By Peter Ricci
Real estate is often considered the last truly “free” market in the U.S. economy, a sector that, unlike agriculture, manufacturing, education or health care, has avoided the influence of government to grow and prosper – or has it?
According to a new report by Smart Growth America, nothing could be further from the truth. The real estate market, it reports, is far from a free market, with both direct and indirect government involvement – to the tune of $450 billion each year – shaping how real estate develops and what kinds of products it offers.
Smarter Growth America – U.S. Government Invests Heavily in Real Estate
For its report, Smarter Growth America studied the federal budgets from 2007 to 2011, with particular focus on more than 50 federal programs currently investing in the U.S. real estate sector. In addition to the aforementioned $450 billion yearly investment, here are some of the other details that Smarter Growth America uncovered:
- Between 2007 and 2011, the federal government committed a total of $2.23 trillion to the real estate markets through its major programs.
- That $2.23 trillion broke down as follows: $1.363 trillion went to loans and loan guarantees; $680 billion to tax expenditures; and $187 billion to direct grants and credit subsidies.
- More specifically, the government’s $1.363 in loans and loan guarantees mainly goes towards the FHA’s single-family and multifamily loan programs, which totaled a whopping $1.216 trillion from 2007 to 2011; other loans and guarantees went to the Department of Agricultures lending programs ($80 billion) and the Small Business Administration’s commercial loan program ($61 billion).
- Regarding tax expenditures, it will hardly surprise agents that the mortgage interest tax deduction (MID) was the biggest expenditure, with $396 billion going towards the deduction; also, $106 billion went to state and local property tax deductions, and $94 billion to capital gains exclusions.
- Finally, the Department of Housing and Urban Development mainly takes up the “direct grants and credit subsidies” section, with $184 billion going to the agency.
- Surprisingly, even with all the funds that Smarter Growth America included in its analysis, two conspicuous players in the housing market were left out: Fannie Mae and Freddie Mac; were they to be included, Smarter Growth America wrote in its report, we’d need to add the $5.5 trillion in loans and guarantees the GSEs handle.
Is the Government Supporting Housing Wisely?
The conclusions Smarter Growth America makes from its report are wide-ranging, and would no doubt result in a dramatic recalibration of how the federal government allocates is considerable resources for the housing market.
The government, Smarter Growth America concludes, should refocus is real estate investments.
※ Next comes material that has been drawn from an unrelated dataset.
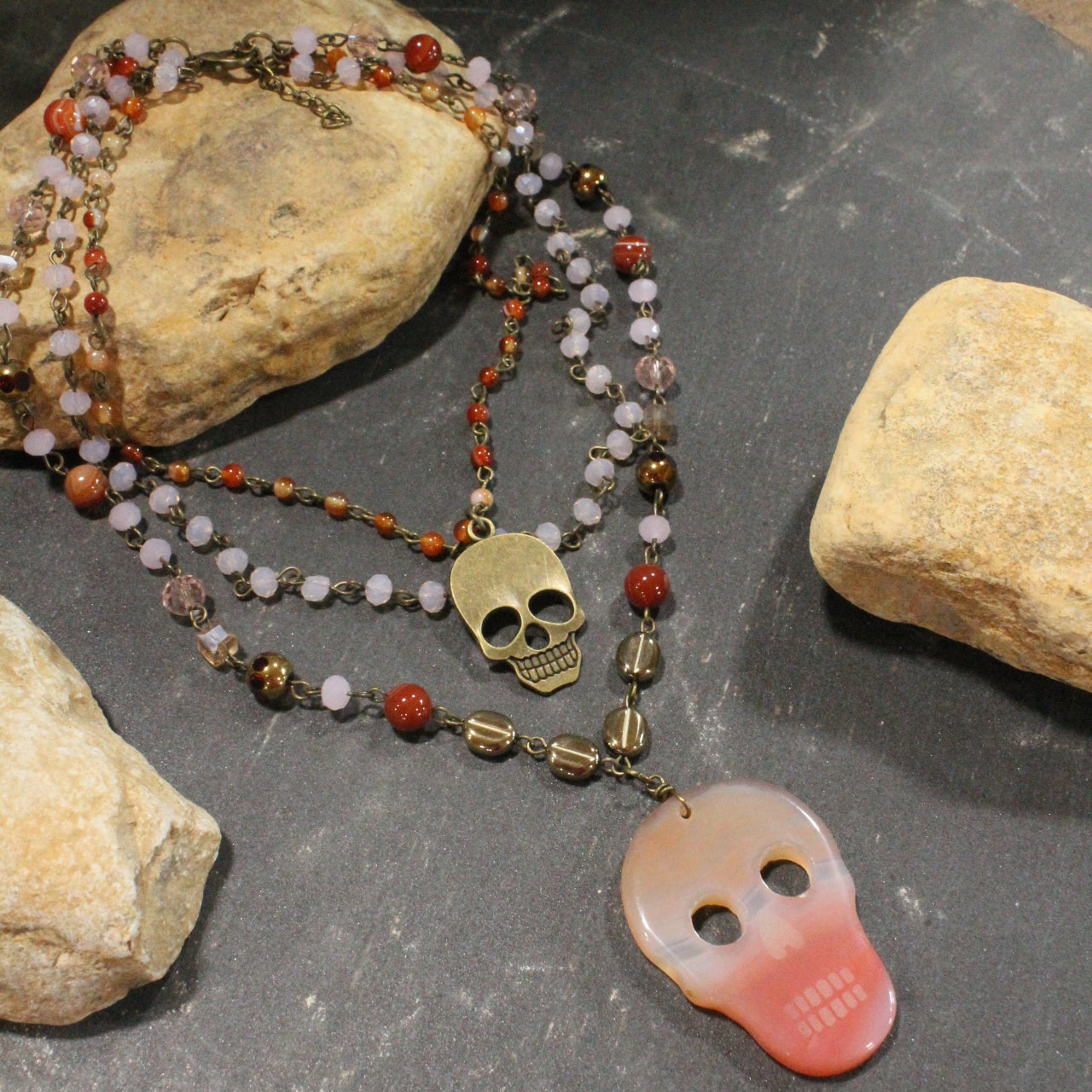 Sugar Skull Blushing Layered Necklace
Currently, the government’s spending not only prioritizes single-family homeownership over renting, but it also does not invest enough in existing communities; and furthermore, of the homeowners that receive federal aid (namely through the MID), wealthier households receive a disproportionate share of the benefits.
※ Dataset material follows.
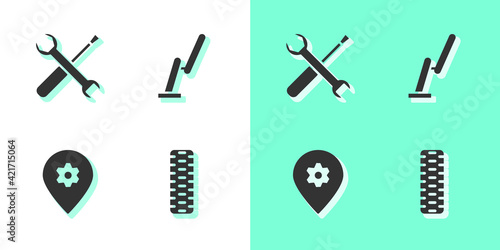 Set Car tire wheel, Screwdriver and wrench spanner, Location with car service and Windscreen wiper icon. Vector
Christi Borden, an agent with Better Homes and Gardens Real Estate Gary Greene in Katy and board member for HAR and TAR, said that if the government were to reconsider its support for housing, it should not make any changes to how the MID works.
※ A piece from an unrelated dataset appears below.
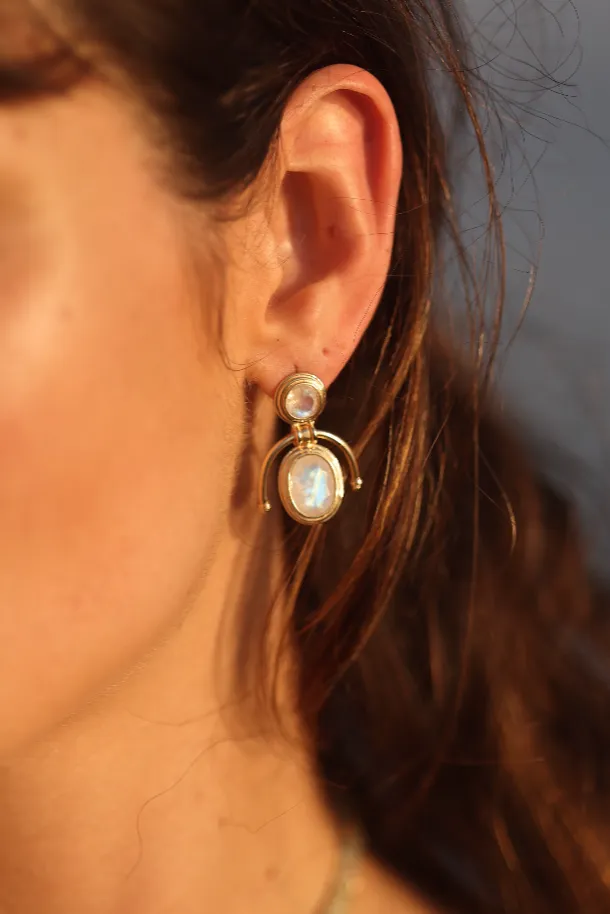 Muse Moonstone Gold Earrings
“The mortgage interest deduction is still very important, and a big advantage to being a homeowner,” Borden said. “I wouldn’t want to touch that.”
Additionally, Borden added that the housing market influences a wide array of other industries, from construction, to manufacturing, to financing, so it may not be wise for the government to make any cuts in its housing-related funding.
“I just don’t know if housing is where they should be cutting,” she said. “There’s so many areas that are not as important to the economy as housing.”